3. South Dakota has some of the poorest counties in the nation. Not surprising and all these counties are on the Indian reservations One of the things the reservations is missing is access. In some case the only way in or out is a two lane highway, that can easily be blocked by snow and snow drifts. Having access to passenger service and less than a car load freight service could go a long way in helping these reservations.

4. There are number of events in South Dakota that parking is a issue. Like the State Fair Having special train to service to these events would help ease the parking hassle and be safer overall.

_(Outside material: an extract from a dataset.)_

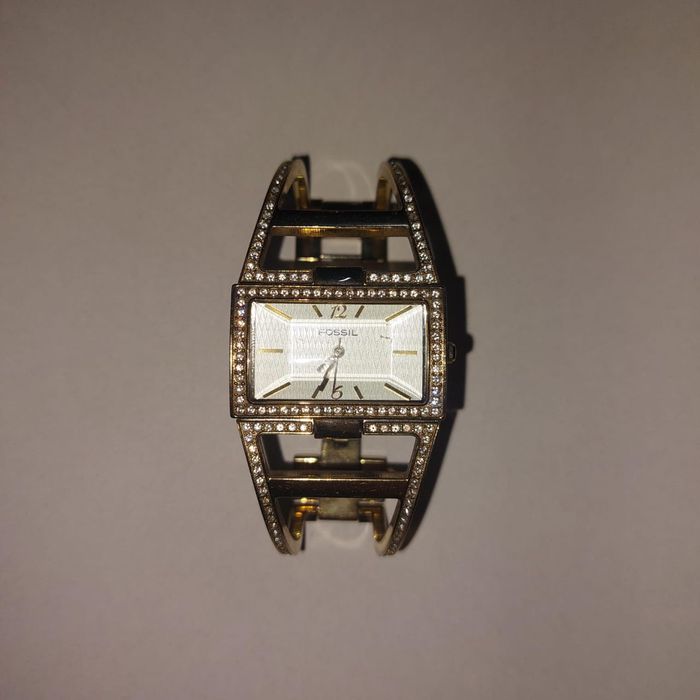 Женские ручные часы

There are a number of other benefits that I haven’t listed.

Getting this done isn’t going to be just a single company, It is going to take the cooperative effort of all the companies, State of South Dakota and surrounding states, the Federal government and all the communities. They are going to have to be sold on the idea. It is not going to be easy.

Is the effort worth it?


----------



## Bob Dylan

You just described every State in the US that currently has Amtrak Service as well as other Rail!

As you said,Money is the Key ingredient, where is it coming from??


----------



## Anthony V

I believe South Dakota's best hope for restoring passenger rail service would be a train running from Omaha to Sioux Falls via Sioux City, timed to connect with the California Zephyr. However, I don't see this happening anytime soon because the states of Iowa and South Dakota would have to subsidize it due to PRIIA 2008. South Dakota has never shown an interest in subsidizing passenger rail. Back in the 1990's when federal money to help bring rail service to states lacking Amtrak service at the time was given to those states (the same source of funds used by Oklahoma to set up the Heartland Flyer, and Maine to set up the Downeaster), South Dakota used that money for highway projects instead.


----------



## neroden

In the spirit of promoting basic economic principles of railroading, I will say that any service to South Dakota should start with service to Sioux Falls, the largest city -- and frankly the only one worthy of service at all.  All the other cities in SD are smaller than Ithaca, NY, so give us service first.  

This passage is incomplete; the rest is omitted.